-- EXERCISE OBJECTIVE --
Extract the opening line of the entries and every line after it, stopping at and including the line that contains "Mercedes-Benz V 250". Do not include pictures.
+ + + +
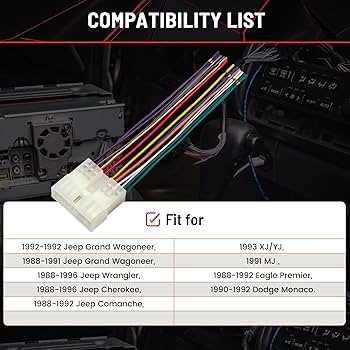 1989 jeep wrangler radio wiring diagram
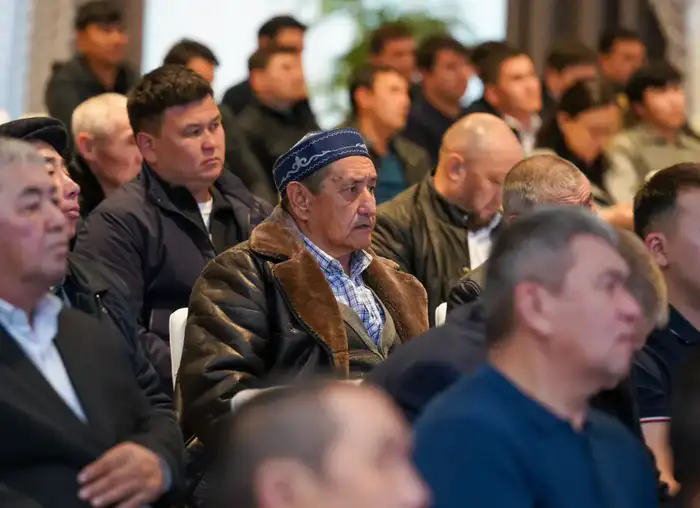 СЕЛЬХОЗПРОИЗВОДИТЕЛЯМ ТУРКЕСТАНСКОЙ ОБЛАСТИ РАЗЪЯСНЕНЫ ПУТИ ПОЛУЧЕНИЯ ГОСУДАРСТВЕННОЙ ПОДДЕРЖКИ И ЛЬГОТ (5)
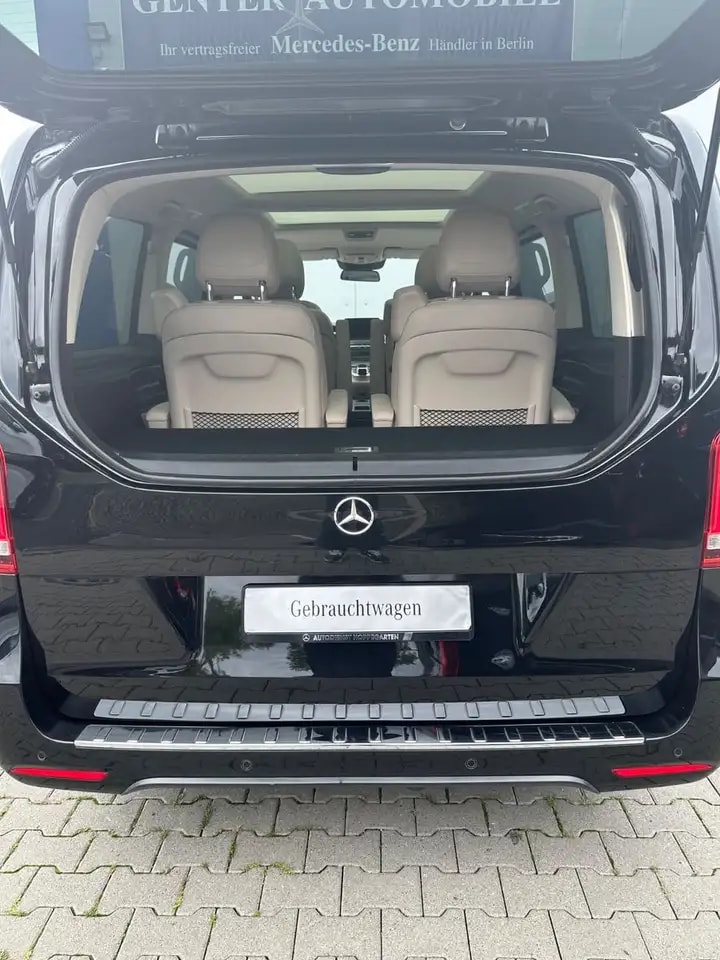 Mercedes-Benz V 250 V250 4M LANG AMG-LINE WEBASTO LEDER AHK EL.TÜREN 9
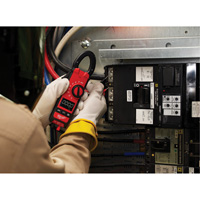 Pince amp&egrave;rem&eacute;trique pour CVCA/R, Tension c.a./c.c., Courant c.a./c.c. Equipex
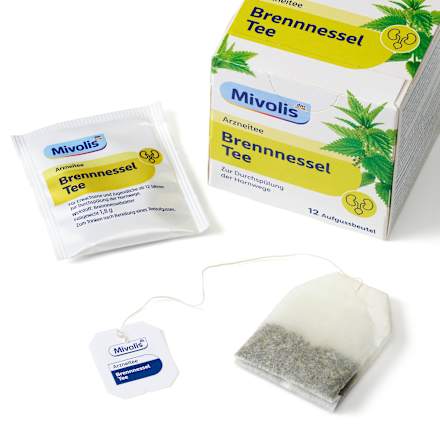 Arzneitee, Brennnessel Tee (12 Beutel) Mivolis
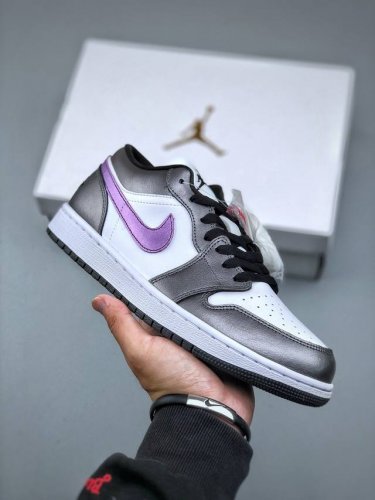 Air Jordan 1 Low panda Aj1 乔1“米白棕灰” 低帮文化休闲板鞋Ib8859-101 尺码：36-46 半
+ + + +
-- FINISHED EXERCISE --
 1989 jeep wrangler radio wiring diagram
 СЕЛЬХОЗПРОИЗВОДИТЕЛЯМ ТУРКЕСТАНСКОЙ ОБЛАСТИ РАЗЪЯСНЕНЫ ПУТИ ПОЛУЧЕНИЯ ГОСУДАРСТВЕННОЙ ПОДДЕРЖКИ И ЛЬГОТ (5)
 Mercedes-Benz V 250 V250 4M LANG AMG-LINE WEBASTO LEDER AHK EL.TÜREN 9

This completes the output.